Blob Storage

Blob Storage can be provided via:

  • Local file system
  • Cloud storage

CKAN 2 (Classic)

TODO: discussion of ckanext-cloudstorage

Direct to Cloud Upload

Want: Direct upload to cloud storage … But you need to authorize that … So give them a token from your app

A sequence diagram illustrating the process for a direct to cloud upload:


  participant browser as Client (Browser / Code)
  participant vfts as MetaStore
  participant bitstore as Your Primary App<br/>Cloud Access Giver
  participant storage as Cloud Storage
  browser->>browser: Select files to upload
  browser->>browser: calculate file hashes (if doing content addressable)
  browser->bitstore: get signed URLs(file1.csv URL, file2.csv URL, auth info)
  bitstore->>browser: signed URLs
  browser->>storage: upload file1.csv
  storage->>browser: OK
  browser->>storage: upload file2.csv
  storage->>browser: OK
  browser->>browser: Compose datapackage.json
  browser->>vfts: create dataset(datapackage.json, file1.csv pointer, file2.csv pointer, jwt token, ...)
  vfts->>browser: OK


  • What is file structure in cloud … i.e.
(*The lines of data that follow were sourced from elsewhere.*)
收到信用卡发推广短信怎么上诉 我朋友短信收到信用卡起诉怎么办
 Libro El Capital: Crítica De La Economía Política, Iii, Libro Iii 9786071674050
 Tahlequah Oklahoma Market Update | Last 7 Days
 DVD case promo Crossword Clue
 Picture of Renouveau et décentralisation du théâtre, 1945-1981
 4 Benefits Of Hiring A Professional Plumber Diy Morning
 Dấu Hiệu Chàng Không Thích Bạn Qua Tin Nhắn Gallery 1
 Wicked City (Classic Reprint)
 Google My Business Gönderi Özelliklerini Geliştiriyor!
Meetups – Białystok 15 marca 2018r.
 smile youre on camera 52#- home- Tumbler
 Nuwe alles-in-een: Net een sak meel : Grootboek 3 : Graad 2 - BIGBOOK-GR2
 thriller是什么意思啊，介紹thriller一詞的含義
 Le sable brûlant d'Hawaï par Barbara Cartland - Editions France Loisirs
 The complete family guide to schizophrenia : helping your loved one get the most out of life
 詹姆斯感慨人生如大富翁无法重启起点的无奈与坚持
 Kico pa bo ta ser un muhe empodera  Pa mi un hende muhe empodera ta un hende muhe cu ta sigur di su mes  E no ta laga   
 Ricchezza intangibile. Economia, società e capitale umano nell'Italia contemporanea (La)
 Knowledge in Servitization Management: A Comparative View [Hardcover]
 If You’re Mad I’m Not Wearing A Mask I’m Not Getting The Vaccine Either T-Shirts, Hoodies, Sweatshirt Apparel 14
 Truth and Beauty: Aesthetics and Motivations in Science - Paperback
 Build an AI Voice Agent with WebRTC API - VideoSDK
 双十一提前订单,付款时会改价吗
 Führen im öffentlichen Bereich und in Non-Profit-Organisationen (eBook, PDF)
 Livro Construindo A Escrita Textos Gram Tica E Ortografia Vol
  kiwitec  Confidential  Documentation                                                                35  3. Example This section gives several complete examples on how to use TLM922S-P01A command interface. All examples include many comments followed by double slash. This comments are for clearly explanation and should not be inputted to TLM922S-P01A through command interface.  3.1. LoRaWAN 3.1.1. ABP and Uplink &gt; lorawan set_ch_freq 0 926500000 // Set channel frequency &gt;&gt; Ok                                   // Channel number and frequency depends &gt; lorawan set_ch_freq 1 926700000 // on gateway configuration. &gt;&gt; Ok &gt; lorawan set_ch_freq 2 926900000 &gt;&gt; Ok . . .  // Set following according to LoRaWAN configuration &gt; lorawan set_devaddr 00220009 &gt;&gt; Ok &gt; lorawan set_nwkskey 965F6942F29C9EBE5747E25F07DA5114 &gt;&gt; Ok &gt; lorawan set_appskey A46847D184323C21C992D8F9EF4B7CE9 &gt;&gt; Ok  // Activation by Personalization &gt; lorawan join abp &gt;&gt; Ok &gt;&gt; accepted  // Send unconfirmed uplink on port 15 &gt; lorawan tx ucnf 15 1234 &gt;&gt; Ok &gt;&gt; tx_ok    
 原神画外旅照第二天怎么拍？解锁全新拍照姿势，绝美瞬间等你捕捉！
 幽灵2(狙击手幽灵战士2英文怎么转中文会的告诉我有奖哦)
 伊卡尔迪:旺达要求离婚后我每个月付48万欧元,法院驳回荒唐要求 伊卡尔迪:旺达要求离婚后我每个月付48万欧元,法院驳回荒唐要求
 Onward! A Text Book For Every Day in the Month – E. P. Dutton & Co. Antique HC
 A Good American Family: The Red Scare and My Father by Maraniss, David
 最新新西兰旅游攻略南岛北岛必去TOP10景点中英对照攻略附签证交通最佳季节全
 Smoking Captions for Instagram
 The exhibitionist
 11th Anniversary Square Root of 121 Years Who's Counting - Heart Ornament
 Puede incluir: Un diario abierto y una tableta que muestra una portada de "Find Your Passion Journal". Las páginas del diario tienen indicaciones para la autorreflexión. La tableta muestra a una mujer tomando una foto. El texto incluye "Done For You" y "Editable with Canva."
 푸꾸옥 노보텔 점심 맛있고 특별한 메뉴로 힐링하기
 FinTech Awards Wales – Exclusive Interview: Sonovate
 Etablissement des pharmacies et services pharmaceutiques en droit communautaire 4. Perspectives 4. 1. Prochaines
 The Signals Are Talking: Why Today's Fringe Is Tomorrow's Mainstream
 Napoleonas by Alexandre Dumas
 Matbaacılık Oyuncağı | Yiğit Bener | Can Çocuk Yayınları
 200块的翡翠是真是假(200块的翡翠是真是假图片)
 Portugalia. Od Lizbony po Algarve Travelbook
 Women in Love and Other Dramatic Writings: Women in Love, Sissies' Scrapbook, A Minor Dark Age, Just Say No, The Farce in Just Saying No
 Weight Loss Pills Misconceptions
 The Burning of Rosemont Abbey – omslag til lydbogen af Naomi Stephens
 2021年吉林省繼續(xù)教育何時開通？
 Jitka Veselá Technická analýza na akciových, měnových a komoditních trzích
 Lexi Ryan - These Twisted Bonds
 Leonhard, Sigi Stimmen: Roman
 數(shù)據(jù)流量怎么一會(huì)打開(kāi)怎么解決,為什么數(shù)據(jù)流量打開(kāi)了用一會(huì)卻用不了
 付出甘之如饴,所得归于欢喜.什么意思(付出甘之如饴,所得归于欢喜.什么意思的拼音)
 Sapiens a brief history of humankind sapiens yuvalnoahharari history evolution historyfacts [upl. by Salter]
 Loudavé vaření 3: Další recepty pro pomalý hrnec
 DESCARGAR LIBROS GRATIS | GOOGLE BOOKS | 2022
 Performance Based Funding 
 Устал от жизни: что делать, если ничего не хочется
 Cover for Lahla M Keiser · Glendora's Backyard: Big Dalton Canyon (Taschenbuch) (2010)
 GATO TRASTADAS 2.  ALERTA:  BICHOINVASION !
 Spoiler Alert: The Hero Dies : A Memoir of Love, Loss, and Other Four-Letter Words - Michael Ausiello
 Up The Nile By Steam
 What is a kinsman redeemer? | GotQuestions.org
What is the file path for uploaded files? Options:
    • Client chooses a name/path
    • Content addressable i.e. the name is given by the content? How? Use a hash.]
      • Beauty of that: standard way to name things. The same thing has the same name (modulo collisions)
      • Goes with versioning => same file = same name, diff file = diff name
  • And do you enforce that from your app
    • Request for token needs to include the destination file path

Next Gen



Can you do multi-part uploads with SAS in Azure? (and with the SDK?)

Not sure … atm